The cyber warrior community is filled with many innovative tools to combat the bad guys. I’m sure they would admit that they have some problems. What’s your problem? I hear a lot from customers that the biggest concern is the cross-comparing threats across different tools.
In most Security Operations Centers (SOCs), if one risk management tool identifies a potential breach, a cyber warrior must cross reference that possibility against at least two or three other tools’ data to try to identify it. For instance, if a virtual sandbox test of a download identifies suspicious activity, it must then bring up three other security systems to compare the data to — the Intrusion Protection Systems (IPSs) logs; Security Information and Event Management (SIEM) logs; and the End-Point console. After cross-referencing to find out which breaches have occurred, the cyber warrior can then determine the best way to clean up the mess.
This is time intensive and wrought with potential human error. The problem isn’t poor training, negligence, or lack of desire — it’s sheer volume.

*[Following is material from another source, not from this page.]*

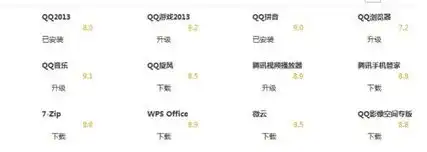 我的电脑怎么有的图片不显示了,qq表情,qq音乐腾讯视屏啊等好多都不显示图片了
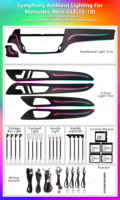 Éclairage d'Ambiance Intérieur de Voiture LED 256 Couleurs Amélioré pour Mercedes Benz GLE/GLS/GL/ML W166 Accessoires de Garniture d'Atmosphère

When you have to go through so many instances of alarms and false alarms, it’s hard to be right every time. The bad guy only needs to be right one out of a thousand times, and the cyber warrior has to be right a thousand out of a thousand times.
APT Hide and Seek
Many times, a single tool will not raise a flag at all. But together, all four tools would throw up a huge red flag. When does a cyber warrior have time to do that when they are already overworked cross-comparing the many threats that aren’t truly problems every day? So, what’s the concoction? You can:
- Get more cyber warriors. Easier said than done. Two more problems emerge: cost and reality of available talent. It’s just not feasible.

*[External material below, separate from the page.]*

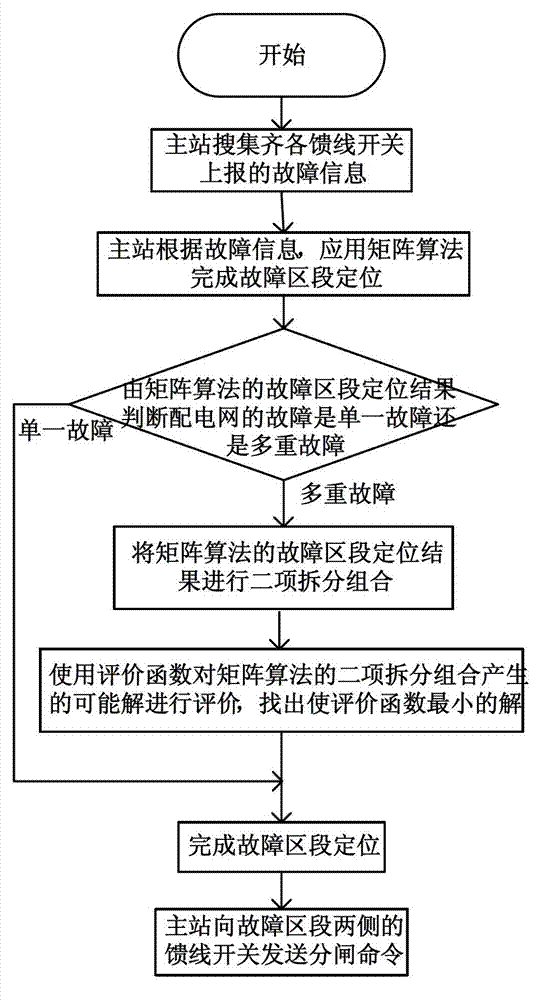 Fault-tolerance correction method for matrix algorithm fault location result of power distribution network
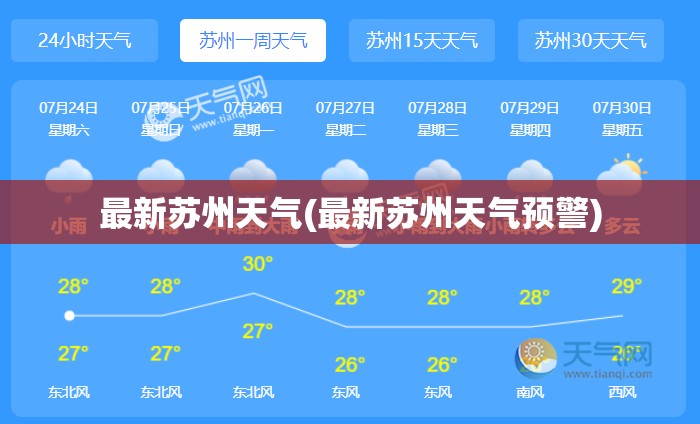 最新苏州天气(最新苏州天气预警)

- Integrate, so your tools can share data with more automation. The two possible ways to achieve this are through either a homogenous set of tools or a tool designed to integrate and manage multiple vendors’ activities (this should be a huge priority for CISOs).

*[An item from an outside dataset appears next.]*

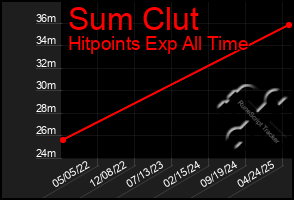 Total Graph of Sum Clut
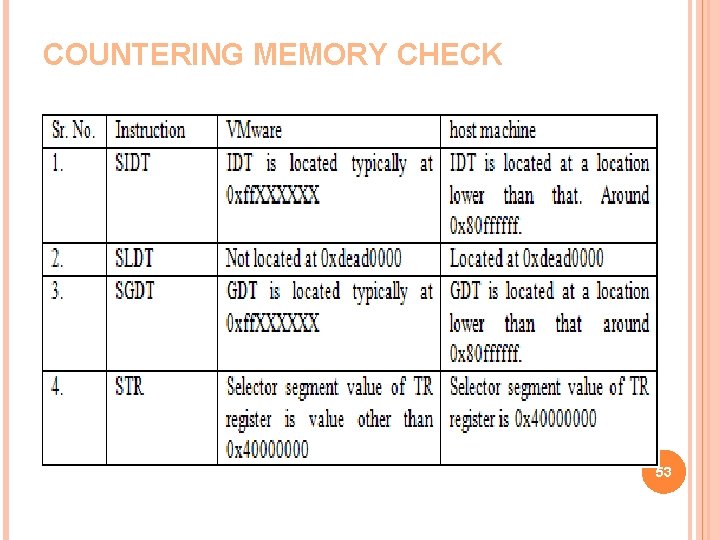 COUNTERING MEMORY CHECK 53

- Use automated forensics and analytics – it’s new, and exciting for sure. Some simply pre-compare alarms from multiple vendors to try to find similar threats and save time on the first steps of that labor intensive SOC duty. Others are more advanced, offering behavioral forensics and analytics, not looking for alarms, but going beyond and identifying threats that might not have otherwise set off alarms. This not only advances the war against outside threats, but can identify inside activities that would have been impossible to catch so quickly before.
Front Line Relief.
If both an integration tool and a behavioral forensics tool are brought into an SOC, the effectiveness of the team should increase exponentially more than it would by bringing in two new individual tools on the cutting edge. That would certainly relieve the pressure and time crunch on those cyber warriors in the trenches.